(INPUT MATERIAL begins)

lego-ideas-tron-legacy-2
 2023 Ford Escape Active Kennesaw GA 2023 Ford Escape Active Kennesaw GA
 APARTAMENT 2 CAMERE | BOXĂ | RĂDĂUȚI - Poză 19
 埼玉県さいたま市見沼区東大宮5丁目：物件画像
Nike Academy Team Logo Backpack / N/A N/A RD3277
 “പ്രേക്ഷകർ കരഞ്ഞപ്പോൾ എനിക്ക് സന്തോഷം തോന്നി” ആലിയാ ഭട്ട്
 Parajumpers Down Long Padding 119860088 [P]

(INPUT MATERIAL ends)

WHAT IS BEING ASKED — From top to bottom, please output the material exactly.

WRITTEN SOLUTION —
lego-ideas-tron-legacy-2
 2023 Ford Escape Active Kennesaw GA 2023 Ford Escape Active Kennesaw GA
 APARTAMENT 2 CAMERE | BOXĂ | RĂDĂUȚI - Poză 19
 埼玉県さいたま市見沼区東大宮5丁目：物件画像
Nike Academy Team Logo Backpack / N/A N/A RD3277
 “പ്രേക്ഷകർ കരഞ്ഞപ്പോൾ എനിക്ക് സന്തോഷം തോന്നി” ആലിയാ ഭട്ട്
 Parajumpers Down Long Padding 119860088 [P]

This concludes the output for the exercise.